El martes es el día más complicado de mi semana. De la mañana a la tarde atravieso la ciudad para ir de una actividad a otra. La estadística subjetiva que voy redondeando a esta altura del año indica que los martes han sido el día que más ha llovido. Como hoy, que para colmo es martes 13. Y esta mañana las cosas empezaron de un modo que invita a darle crédito a la superstición. Me quedé dormido porque la gata, en algún momento de sus aventuras nocturnas, apagó el despertador del equipo de música. El que diseñó ese equipo con los comandos arriba no tiene gatos, evidentemente. Y si los tiene, no usan el equipo como trampolín para subirse a otros muebles...
El resultado fue que llegué treinta minutos tarde a una clase. No sé si mis pocos estudiantes habrán lamentado o no esa media hora menos de "La caída de la casa de Usher".
Cuando salí todavía llovía. Me agaché a atarme un cordón y se me escapó un colectivo vacío. Dejé pasar otro que venía lleno y finalmente me subí al tercero y me puse a repasar un poco de alemán.

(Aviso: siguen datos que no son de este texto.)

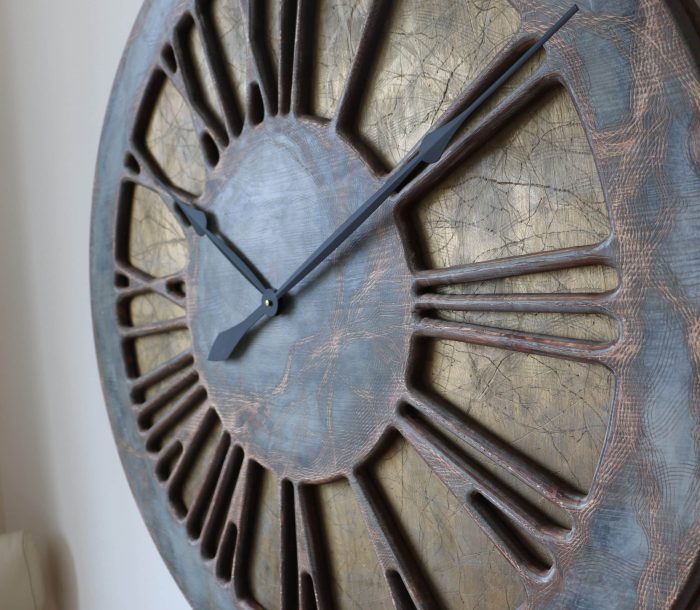 40" Very Large Rustic Grey and Gold Roman Numeral Wall Clock Handmade from pine wood and hand painted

Cuando levanté la vista del
Lehrbuch vi una magnolia en flor bajo la lluvia que me iluminó para el resto del día.
Más tarde, en un vagón del subte B, descubrí una abeja que caminaba por el piso. No podía levantar vuelo pero de a ratos se impulsaba velozmente a ras del suelo. Su itinerario era caótico. En un momento se acercó a mi pie y consideré cuál era la acción más piadosa, si pisarla o dejarla vivir. Opté por lo segundo. La abeja trazó una furiosa diagonal y fue a parar en el medio de dos señoras que conversaban animadamente en el asiento de enfrente. "Mirá" dijo la de la izquierda "una abeja". "Sí" respondió la segunda, y a continuación la aplastó con su zapato y siguió conversando.
Update: Hoy, después de años, me hirvió la sangre. Y todo por una mínima injusticia, pero injusticia al fin, y yo tan de Virgo -aunque no ejerza- que no puedo con mi genio. Pero qué humillante es tener que contenerse sólo para conservar un estúpido trabajo.